The Story
Why it exists.
The beginning
Part of the Achtung project, an eight-fragrance series interpreting the sacred geometric art of Rick Barchenger. Immortal translates Barchenger's piece 'Phantasmagore' into scent, the title itself a clue to what follows. The composition moves like light through canopy: green, layered, impossible to pin down to a single reading. There is a misty quality to the opening, something damp and cool that suggests ancient forests rather than naming them directly. Each layer arrives without announcement, fading one into the next until the whole becomes something greater than its parts. The fragrance refuses easy description, shifting with warmth and moisture in the air, keeping the listener uncertain of what comes next.
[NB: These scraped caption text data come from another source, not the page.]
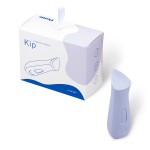 Kip Lipstick Vibrator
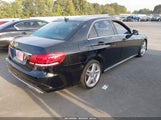 Mercedes-Benz E 350 WDDHF5KB7EB019885 снимка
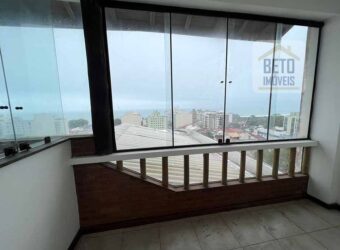 Casa 150 m² com 3 quartos 3 suítes Próximo ao Mar | Glória – Macaé/ RJ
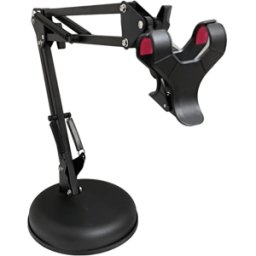 Soporte para teléfonos móviles Ultrapix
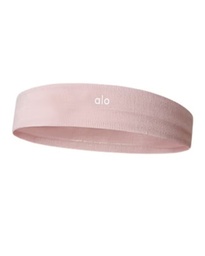 Bandana ALO PINK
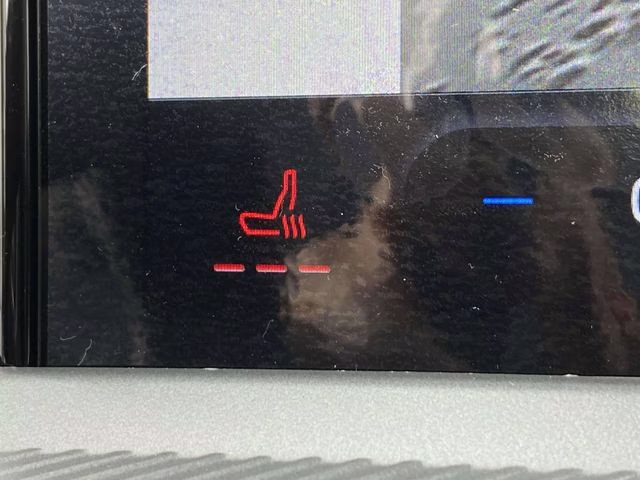 2025 Azure Gray Metallic Ford Bronco Sport Badlands 4X4 SUV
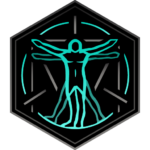 UniqueBadge_Founder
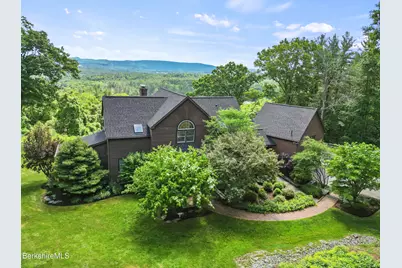 34 Millard Rd, Egremont, MA 01230 - Photo 3
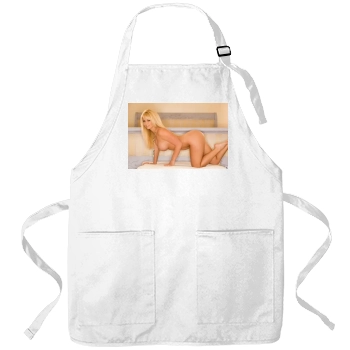 Heather Rene Smith Apron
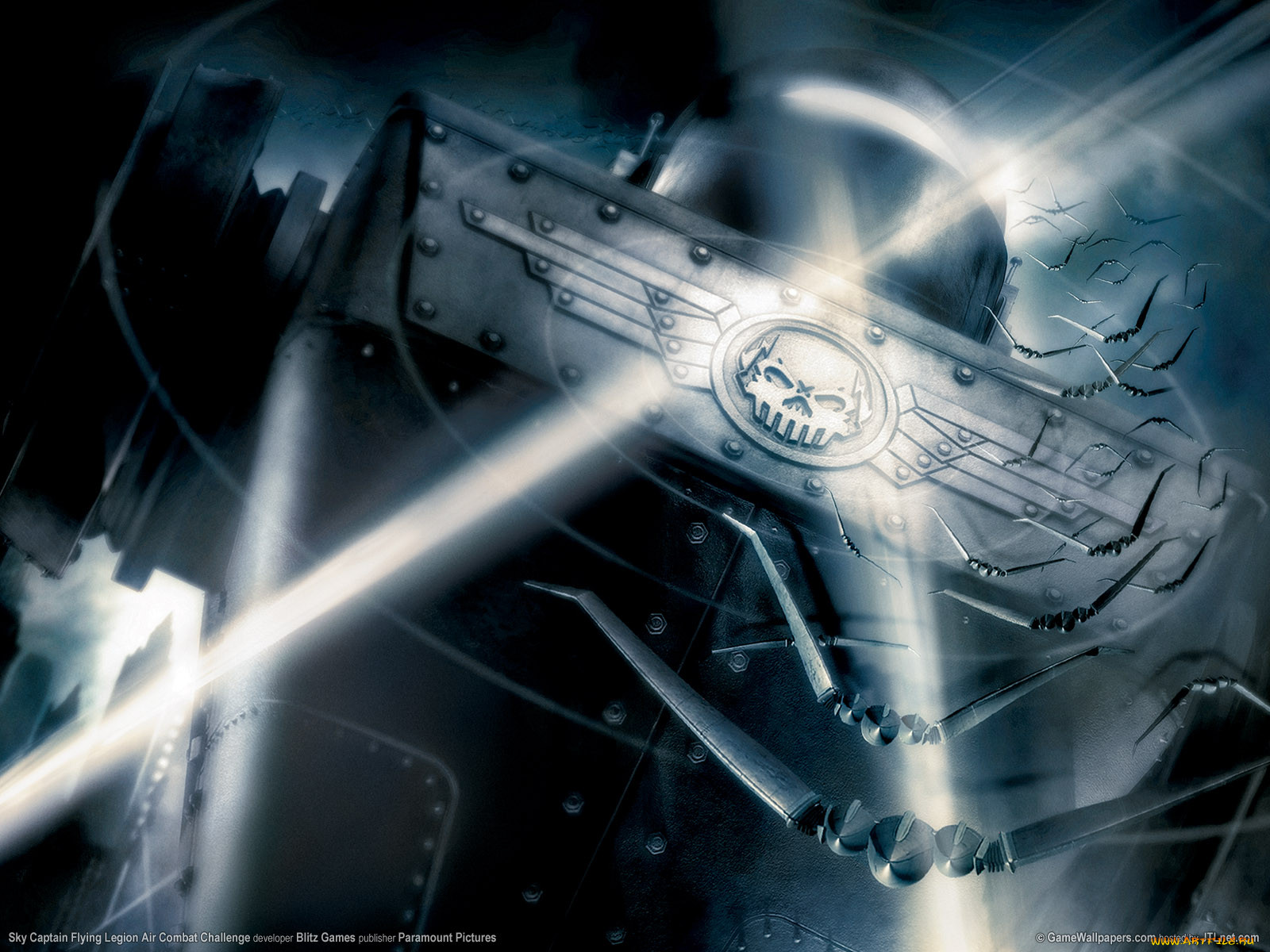 sky, captain, flying, legion, air, combat, challenge, , 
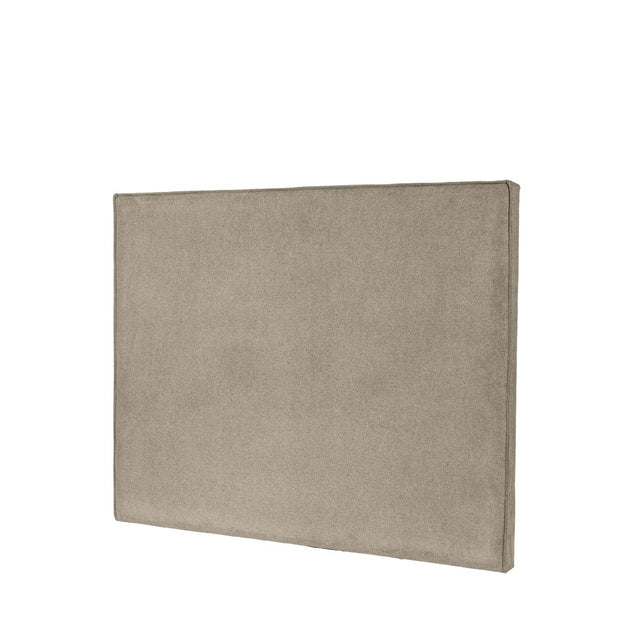 Cabezal Mistral 150/160 Tapizado Taupe | imagen de ambiente | Somcasa Vlc | 00MB408330 | imagen 6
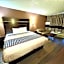 Americas Best Value Inn Tulsa at I-44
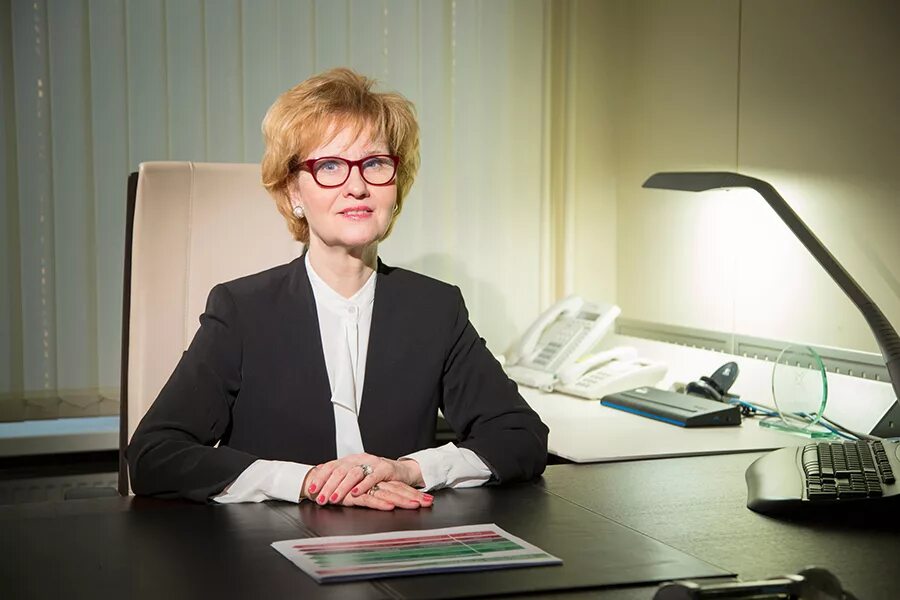 наталья ярыгина. декан женщина. декан факультета государственного управления. декан женщина. декан женщина.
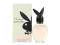 PLAYBOY PLAY IT LOVELY 75ml EDT SUPER CENA 29,99zł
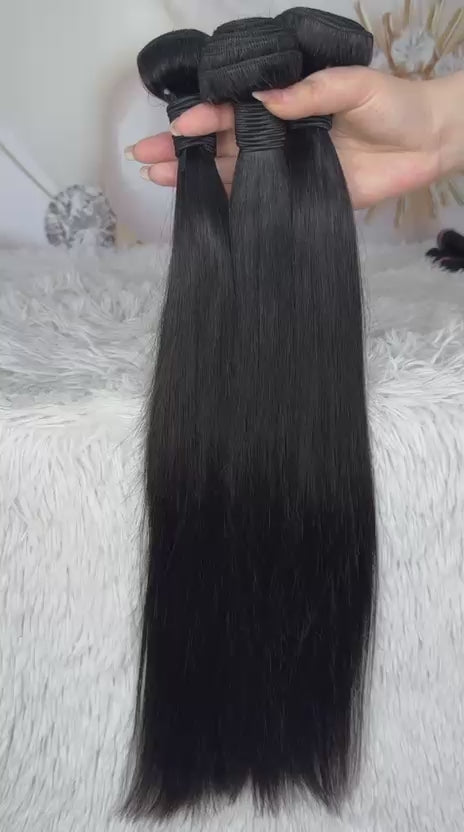 ModesTye by M3LTed: Bundle Deal with ModesTye 2x6 HD Lace Closure Starting from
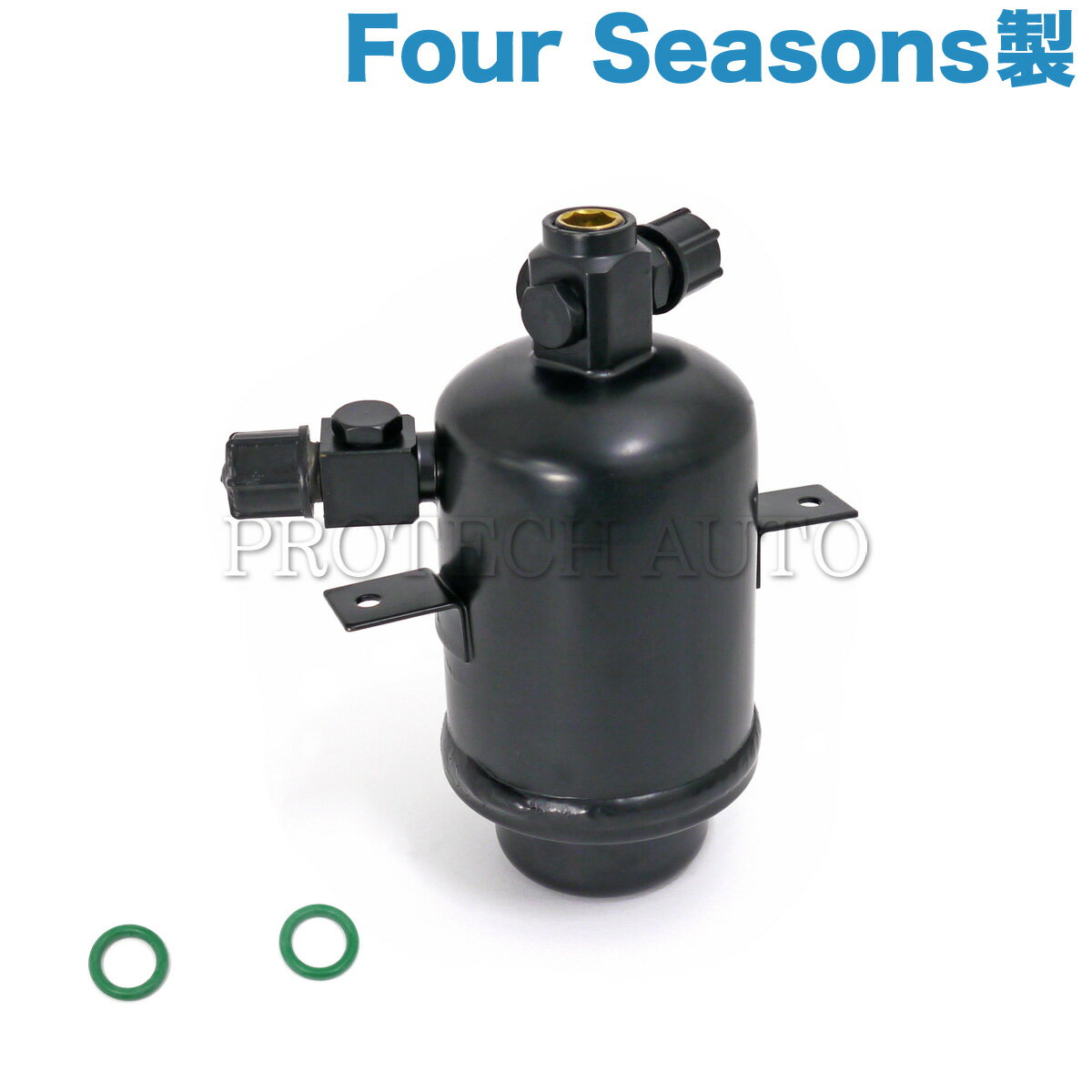 Four Seasons�� �٥�� W201 190D 190E AC/�������� �쥷���С��ɥ饤�䡼/�ꥭ�åɥ��� 2018300083 2018300183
The fougère structure is where the ambition hides. What makes Immortal unusual isn't any single note but the way the composition refuses to resolve into something simple. The moss deepens without becoming animalic. The oud warms without taking over. Galbanum's green bite opens and then softens into something almost floral. This is botanical storytelling: each material doing what it does in nature, layered in the order a forest actually unfolds. There is no performance here, no note announcing itself. The materials simply exist together, interacting the way they would in a living ecosystem.
The evolution
The opening hits cool and green, galbanum's sharpness against the damp-earth smell of moss. Not sweet, not synthetic. For the first twenty minutes you're in a forest clearing just after rain. The heart arrives quietly: violet and Tiare unfurl beneath the green, honeyed but restrained by calendula syrup's herbal warmth. Honeysuckle adds a wild edge that could have gone pretty, it doesn't. Then the base takes over. Oud and sandarac trade the forest's cool dampness for something warmer, more resinous. Hours later, the moss lingers. Violet persists close to skin. The drydown smells like forest floor the morning after, damp earth, root, the memory of flowers. Immortal doesn't disappear. It settles.
Cultural impact
House of Matriarch occupies a specific corner of niche perfumery: botanical complexity meets artisanal integrity. Immortal fits squarely in that lineage, a fougère built for people who find meaning in moss and oud rather than marketing. The Achtung project positioned this fragrance as art first, commerce second, which is either exactly right or slightly pretentious depending on your disposition. Either way, the all-natural formula sets it apart from synthetically-constructed competitors in the woody-green space. There is something to be said for a fragrance that asks you to pay attention rather than simply consume.